Article
08 Apr 2026

What Oliver Wyman found when it took a hard look at Guernsey

A leading global consulting firm recently undertook a deep dive into Guernsey’s financial services industry and its place in the world. What it reveals about Guernsey's competitive position should be of real interest to anyone involved in investment funds, insurance, private wealth, banking or pensions globally. 

The headline… Guernsey's strengths are not just holding up, they are becoming more relevant than ever. 

Oliver Wyman identified several core strengths which distinguished it from other international finance centres. At the foundation sits political, legal and tax stability  a combination that is increasingly rare in this world of conflict, geopolitical issues, mounting fiscal pressure and political division. Guernsey's common law certainty, consistent policy-base and neutral tax framework provide what the report describes as a dependable base for cross-border activity. Indeed Guernsey, as a self-governing independent jurisdiction with strong links to the UK, has been a rock of continuity for more than a thousand years. For fund sponsors, investors, insurers and international families, that predictability matters more than ever. 

The depth of local financial services expertise was also singled out. With 7,641 professionals employed in the sector (roughly 23% of the island's working population including related professional services such as lawyers and accountants), Guernsey has built a professional ecosystem that has genuinely scaled with its specialisms. 45 designated fund administrators, more than 750 STEP-listed practitioners in private wealth, and 549 licensed insurance entities all point to a jurisdiction with access to the right expertise without having to assemble it from scratch. 

Looking at the strength of its international reputation and compliance standing, the Oliver Wyman report noted Guernsey’s nimble regulatory framework and responsive regulator. According to the report, market participants consistently described the regulator as approachable, commercially aware and efficient. I’d put it simply as pragmatic.
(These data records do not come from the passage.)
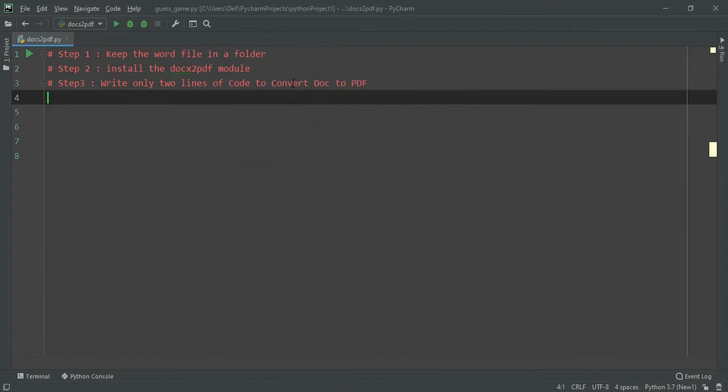There are three steps to do it. First, you have to keep the word file in a folder anywhere in your computer. Second, you need to install the docx2pdf module. And third, you need to write only two lines of code.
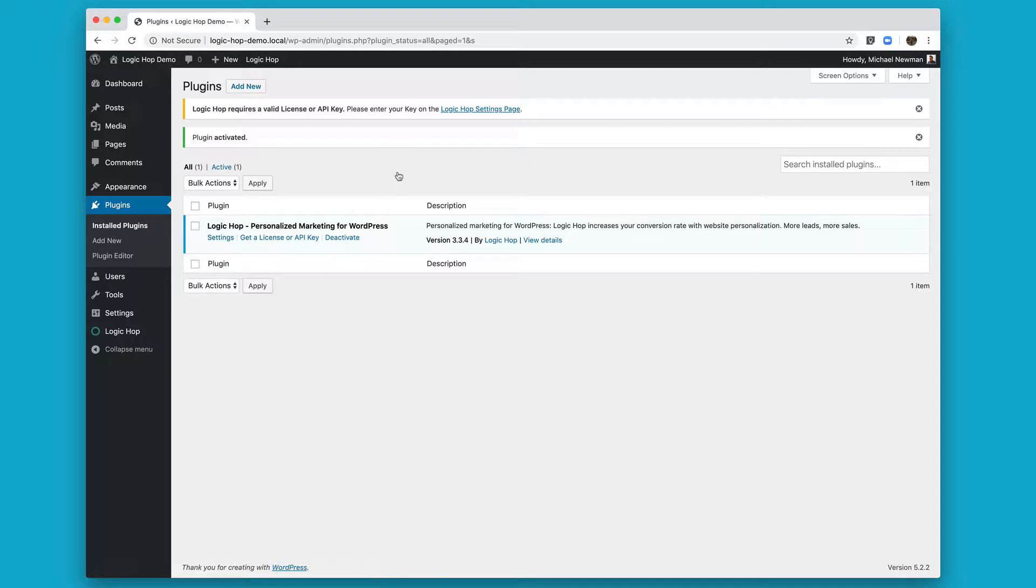Now, if you're using a LogicHop license key, such as a basic license, a professional license, or an agency license, you're going to also need to install the LogicHop Local Storage plugin.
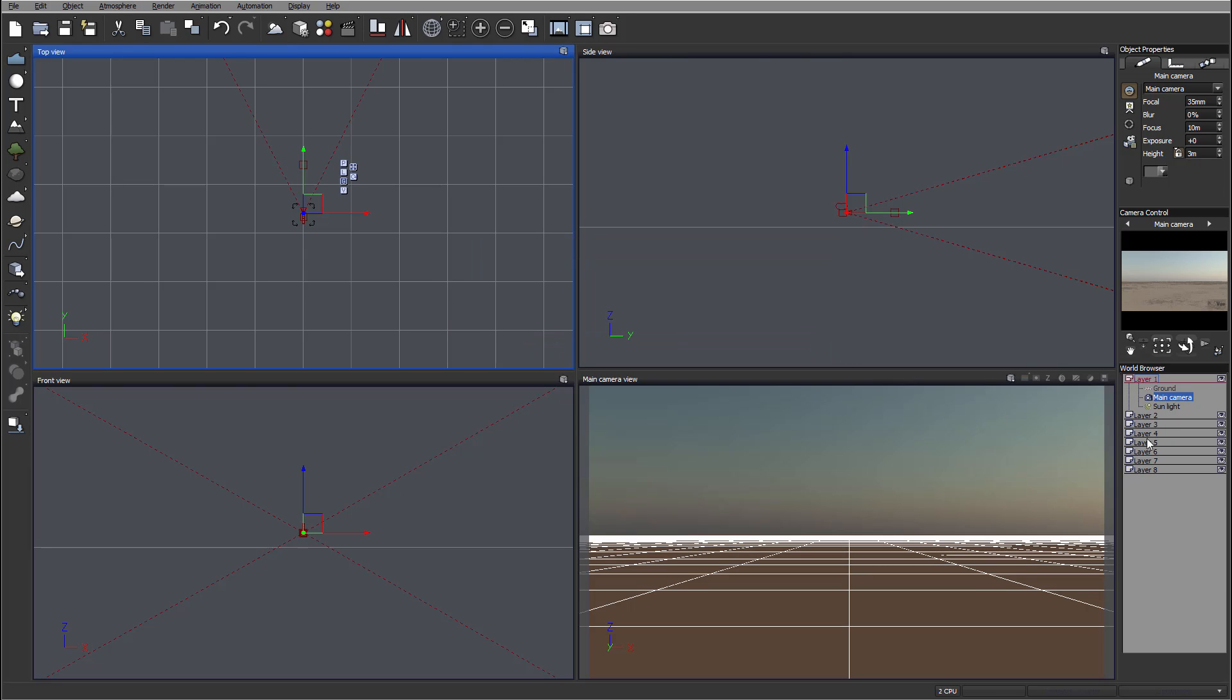Also notice we have different layers. With other versions you can create unlimited layers, but here you're limited to about eight different layers for your operation. I don't think you will run out of those layers when you work on most projects, and if you work on a really serious project you probably want to upgrade your Vue to different versions.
Speed to market was raised as one of the island's most tangible differentiators and that speed is not achieved at the expense of international standards. Guernsey has never appeared on a FATF grey list or blacklist. The recent MONEYVAL evaluation delivered a positive assessment of both technical compliance and the effectiveness of AML/CFT frameworks in practice. For institutional managers, investors and advisers that conduct reviews on domicile options, that record carries significant weight. 
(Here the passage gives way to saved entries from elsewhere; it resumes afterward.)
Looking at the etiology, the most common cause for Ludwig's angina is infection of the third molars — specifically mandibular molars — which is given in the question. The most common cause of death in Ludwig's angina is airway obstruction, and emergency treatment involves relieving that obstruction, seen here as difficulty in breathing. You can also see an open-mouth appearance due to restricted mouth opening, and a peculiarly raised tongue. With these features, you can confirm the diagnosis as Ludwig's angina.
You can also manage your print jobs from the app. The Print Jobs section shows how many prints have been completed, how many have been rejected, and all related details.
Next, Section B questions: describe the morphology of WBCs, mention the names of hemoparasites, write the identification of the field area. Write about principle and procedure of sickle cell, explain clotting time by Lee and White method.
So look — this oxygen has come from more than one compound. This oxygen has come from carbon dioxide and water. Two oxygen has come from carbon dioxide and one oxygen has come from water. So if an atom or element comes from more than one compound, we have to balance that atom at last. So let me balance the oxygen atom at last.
On comparative cost advantages, the findings were clear. Guernsey's streamlined regulatory and administrative processes, exemplified by the Private Investment Fund (PIF) regime (offering regulatory authorisation in 24 hours) and pre-authorisation tracks for Protected Cell Company (PCC) insurance business, translate into efficient set-up and economic ongoing costs. The island's third-country status with the EU (it was never a member and was unaffected by Brexit) means structures here are not subject to the full scope of EU regulation but they can still be distributed across Europe under the EU’s NPPR regime. This materially reduces bureaucracy and expenses compared to Luxembourg or Dublin. 

The report also highlighted Guernsey's track record of regulatory and structure innovation. It pioneered the PCC in 1997  a structure that revolutionised captive insurance globally and which also has valuable purposes in fund management, administration and private wealth structuring It also introduced the Foundations Law in 2012 and launched the world's first regulated green fund regime in 2018. Guernsey has repeatedly demonstrated the ability to move first and move well.  

Looking forward, the jurisdiction is well placed to scale its finance sector further, gaining productivity boosts from continued AI adoption and digital tooling. Its financial connectivity which has already attracted many international family offices over many decades, underpins its positioning as a private wealth super hub. It is also open for business to digital finance as a supportive jurisdiction for tokenised securities.  

For those of us who work with Guernsey every day, none of this is new. But having it articulated by an independent, globally respected consultancy, such as Oliver Wyman, whose work is backed by rigorous on and off-island analysis, interviews, research and benchmarking with other jurisdictions, gives these strengths a renewed resonance. It moves the conversation from anecdote to evidence. It shouldn’t be a surprise then that fund assets managed or administered in Guernsey have surpassed £1 trillion, or that it hosts nearly 200 captive insurance companies. 

Against a backdrop of current conflict and tension, the world is changing fast. In this environment, jurisdictions that combine stability, substance, speed, security and genuine expertise have a real edge. Oliver Wyman's assessment confirms that Guernsey remains one of the few that firmly tick all those boxes and is well-set for further financial services growth. 

 

About the Oliver Wyman Report 

The work by Oliver Wyman was jointly commissioned by the States of Guernsey (Guernsey’s government), the Guernsey Financial Services Commission (GFSC – the regulator), Guernsey Finance and the Guernsey International Business Association (GIBA) to undertake the most comprehensive assessment of Guernsey's finance sector in a generation. More than 100 stakeholders from on-island and off were engaged. Fourteen roundtables were held. International decision-makers who actively choose where capital is domiciled and serviced were interviewed directly. The result is the Finance Sector Growth Strategy 2035, published in February 2026, which was the basis for this article.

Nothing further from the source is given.